Multispectral imaging in the extended near-infrared window based on endogenous chromophores.
机构信息
Washington University School of Medicine, Department of Radiology, St. Louis, Missouri 63110, USA.
出版信息
J Biomed Opt. 2013 Oct;18(10):101318. doi: 10.1117/1.JBO.18.10.101318.
Abstract
To minimize the problem with scattering in deep tissues while increasing the penetration depth, we explored the feasibility of imaging in the relatively unexplored extended near infrared (exNIR) spectral region at 900 to 1400 nm with endogenous chromophores. This region, also known as the second NIR window, is weakly dominated by absorption from water and lipids and is free from other endogenous chromophores with virtually no autofluorescence. To demonstrate the applicability of the exNIR for bioimaging, we analyzed the optical properties of individual components and biological tissues using an InGaAs spectrophotometer and a multispectral InGaAs scanning imager featuring transmission geometry.
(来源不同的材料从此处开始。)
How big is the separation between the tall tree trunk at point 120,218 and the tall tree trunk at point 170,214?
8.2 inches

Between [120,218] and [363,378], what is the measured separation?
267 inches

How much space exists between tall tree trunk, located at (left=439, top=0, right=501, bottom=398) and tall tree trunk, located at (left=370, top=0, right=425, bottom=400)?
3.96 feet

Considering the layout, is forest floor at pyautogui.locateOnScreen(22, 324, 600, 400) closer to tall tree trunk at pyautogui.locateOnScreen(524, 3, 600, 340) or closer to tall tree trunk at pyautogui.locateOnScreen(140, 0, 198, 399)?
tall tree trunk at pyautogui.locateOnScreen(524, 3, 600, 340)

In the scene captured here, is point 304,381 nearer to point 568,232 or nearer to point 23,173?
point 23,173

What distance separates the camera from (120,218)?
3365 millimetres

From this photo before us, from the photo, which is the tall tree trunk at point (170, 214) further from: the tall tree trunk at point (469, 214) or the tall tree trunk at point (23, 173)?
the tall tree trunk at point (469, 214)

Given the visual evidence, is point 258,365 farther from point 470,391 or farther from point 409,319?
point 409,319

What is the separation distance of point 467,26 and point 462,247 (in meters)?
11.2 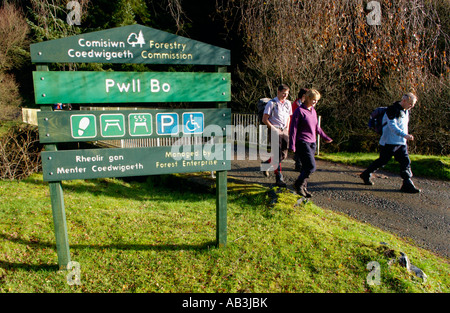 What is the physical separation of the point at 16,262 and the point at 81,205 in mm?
1916

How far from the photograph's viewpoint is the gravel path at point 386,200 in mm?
5121

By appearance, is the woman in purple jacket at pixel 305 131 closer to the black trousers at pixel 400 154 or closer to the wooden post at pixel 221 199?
the black trousers at pixel 400 154

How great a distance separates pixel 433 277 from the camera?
375 centimetres

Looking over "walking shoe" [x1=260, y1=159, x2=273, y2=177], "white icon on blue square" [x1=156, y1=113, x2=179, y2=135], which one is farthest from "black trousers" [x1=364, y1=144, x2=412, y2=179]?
"white icon on blue square" [x1=156, y1=113, x2=179, y2=135]

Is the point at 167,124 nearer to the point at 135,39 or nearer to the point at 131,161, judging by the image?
the point at 131,161

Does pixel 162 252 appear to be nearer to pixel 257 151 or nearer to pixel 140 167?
pixel 140 167

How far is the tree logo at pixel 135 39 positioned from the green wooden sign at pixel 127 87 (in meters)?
0.33

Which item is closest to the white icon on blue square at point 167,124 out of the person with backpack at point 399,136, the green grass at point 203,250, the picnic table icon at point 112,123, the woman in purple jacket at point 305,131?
the picnic table icon at point 112,123

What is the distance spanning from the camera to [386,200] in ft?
20.7

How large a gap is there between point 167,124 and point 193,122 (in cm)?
31

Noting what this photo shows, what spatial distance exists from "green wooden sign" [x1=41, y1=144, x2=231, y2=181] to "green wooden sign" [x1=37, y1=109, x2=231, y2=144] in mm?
167

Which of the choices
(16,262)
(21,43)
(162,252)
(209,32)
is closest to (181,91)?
(162,252)

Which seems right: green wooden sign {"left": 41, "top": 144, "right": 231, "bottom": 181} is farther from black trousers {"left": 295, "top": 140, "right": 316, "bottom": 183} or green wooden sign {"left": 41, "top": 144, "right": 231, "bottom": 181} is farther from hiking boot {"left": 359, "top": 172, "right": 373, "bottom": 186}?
hiking boot {"left": 359, "top": 172, "right": 373, "bottom": 186}

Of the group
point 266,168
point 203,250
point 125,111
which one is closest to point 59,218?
point 125,111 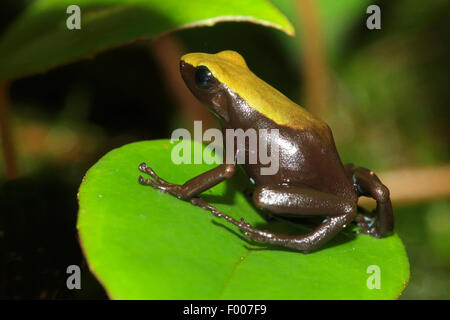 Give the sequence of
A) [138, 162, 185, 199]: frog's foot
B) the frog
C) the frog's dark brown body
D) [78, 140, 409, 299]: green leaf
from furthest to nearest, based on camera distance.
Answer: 1. the frog's dark brown body
2. the frog
3. [138, 162, 185, 199]: frog's foot
4. [78, 140, 409, 299]: green leaf

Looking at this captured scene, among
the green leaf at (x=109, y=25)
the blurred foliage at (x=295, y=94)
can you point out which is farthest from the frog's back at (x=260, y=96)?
the blurred foliage at (x=295, y=94)

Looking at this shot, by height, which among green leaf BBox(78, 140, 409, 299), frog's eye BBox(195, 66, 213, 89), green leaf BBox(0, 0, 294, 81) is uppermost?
green leaf BBox(0, 0, 294, 81)

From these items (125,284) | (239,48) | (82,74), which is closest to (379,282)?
(125,284)

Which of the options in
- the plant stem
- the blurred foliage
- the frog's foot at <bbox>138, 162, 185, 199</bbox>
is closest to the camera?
the frog's foot at <bbox>138, 162, 185, 199</bbox>

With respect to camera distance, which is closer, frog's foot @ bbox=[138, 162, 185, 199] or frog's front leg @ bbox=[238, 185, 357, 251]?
frog's foot @ bbox=[138, 162, 185, 199]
Based on the differences in spectral properties of tissues, we utilized ratiometric approaches to extract spectral characteristics from the acquired three-dimensional "datacube". The obtained images of an exNIR transmission through a mouse head revealed sufficient details consistent with anatomical structures.
摘要
为了最大限度地减少深部组织散射问题,同时增加穿透深度,我们探索了利用内源性色团在相对未开发的扩展近红外(exNIR)光谱区域(900 至 1400nm)进行成像的可行性。该区域也称为第二近红外窗口,其吸收主要来自水和脂质,几乎没有其他内源性色团,因此几乎没有自发荧光。为了证明 exNIR 用于生物成像的适用性,我们使用 InGaAs 分光光度计和具有透射几何结构的多光谱 InGaAs 扫描成像仪分析了单个组件和生物组织的光学特性。基于组织光谱特性的差异,我们利用比色法从获得的三维“数据立方体”中提取光谱特征。通过小鼠头部传输的 exNIR 获得的图像显示出与解剖结构一致的足够细节。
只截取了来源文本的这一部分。